Highly recommended. The author of the program hangs out on HN sometimes too.
Another Cloak user here - I was able to stream Netflix on my flight this week due to running it through their proxy. No infrastructure to run, and fully integrated with OS X's wifi selector. It runs on multiple cloud platforms to boot, so if someone is blocking EC2 you might have better luck.
Nifty trick, but some services kill ssh on port 443, and I guess they do so by limiting connection lifetime. In these cases, I find GNU httptunnel very useful.
This is interesting but incomplete. It may not survive to deep packet inspection or rate limiting. Even worse - your only S3 machine could get blacklisted, and I don't see why operators wouldn't share blacklist the way it's done to fight spam.
So my suggestion is to have multiple alternatives instead, as in lines of defense.
First, a simple SSH server also running a socks and a http proxy is useful. Easy to reach and configure - some browser work better with http proxy (or was it sock? Opera only supports one but I can't remember which at the moment)
In the second line, you want to run the SSH server on a nonstandard port as the author does. I suggest multiplexing the port : simply run SSLH on both port 80 and 443, with the patch published on http://rutschle.net/pipermail/sslh/2012-April/000202.html
But that will not look like a standard SSL connection. Even worse, if you use your own certificate - operators could deny all self-signed certificates.
So get stunnel running on port 443 with a "usual" certificate instead, and pass the traffic on port 80 where you'll be happy to have SSLH or whatever you prefer - like Openvpn which can do port sharing or which can be put "behind" stunnel and sslh, so that you will use a standard 443 port, and do a genuine SSL connection on that port. Much better. Have some fun with burst.net - they offer you 2 IP for like $7/month : you can do some routing and give the 2nd IP address to your laptop on the other end of the tunnel. Now that is freedom :-) Every port will be opened in both ways :-)
Still, I do not believe anything of that will be enough to resist to statistical analysis. I've seen interesting tools, but if I down to that I'd better use a standard DNS tunnel (iodine, dns2tcp, ntsx, whatever).
Once again, multiplexing port 53 could be good to have them on different subdomains (you never know which tool you'll have on hand, or can easily recompile on the go) or to run a standard DNS server too (named, maradns, ...).
It will be a good idea to "rate limit" one of them because having too much traffic flow on port 53 to a given IP is something that stands out. (And I have seen DNS tunnels broken by a simple rate limit rule)
I found something interesting to multiplex DNS request in C, which name I don't remember at the moment. If anyone is interested I can dig that up.

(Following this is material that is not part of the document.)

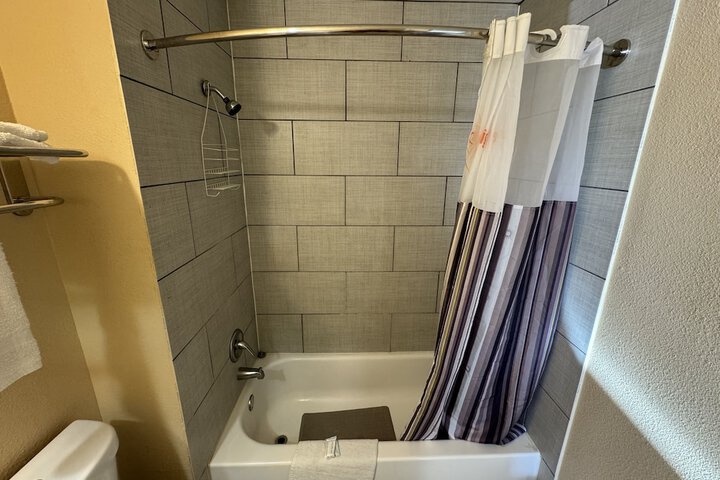 Room 15 of 15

Finally, deploy all that setup on at least 2 machines, using different domains and different subnet so that if one of your "lines of defenses" goes down (ie get blacklisted) you can safely move to the next one.
Total time it takes : 2 hours, then you'll always have a way out of a locked connection.
The need for "defense" implies an adversarial game with an opponent. I'm betting that the people who set up this security policy did it out of negligence rather than actively looking at port 22 and deciding not to allow it.
You could identify it as ssh vs SSL because they have different unencrypted headers. So systems which check that you are speaking SSL on port 443 would block ssh.
With HTTPS you get a handshake Client Hello packet sent in the clear, which has a TLS version identifier and a plaintext session ID among other things. With SSH2, you get a literal "SSH-2.0" as part of the protocol identifier which appears before the key exchange.
Instead of using an Amazon machine, why not use a low-power ARM device? I have been running a small ARM computer at home for doing sshuttle, iodine, and samba over ssh (with port binding) for the past few weeks and it works very well. I know tcp over tcp is usually not good but it still works quickly for some reason. This costs less than a VM on Amazon and gives you more flexibility.
A nicer sshuttle command for VPN may be:
$ ./sshuttle -v --remote=server_USERNAME@serverIP:port_number --dns 0/0
If you sshuttle to your home router you may be able to samba or nfs to the ARM on your home network (using tcp and udp, I think).
Alternatively, SSHFS or something more normal could be used for mounting the ARM filesystem without a VPN but if you want to try Samba over SSH you could try:
$ ssh -C -c blowfish -L[host_bind_port]:localhost:445 server_USERNAME@serverIP
$ mkdir /Users/username/mount_spot
$ mount -t smbfs //server_USERNAME@localhost:[host_bind_port]/server_drive ~/mount_spot
Tools like rsync over SSH and UFTP are also nice for moving large files to and from the ARM server.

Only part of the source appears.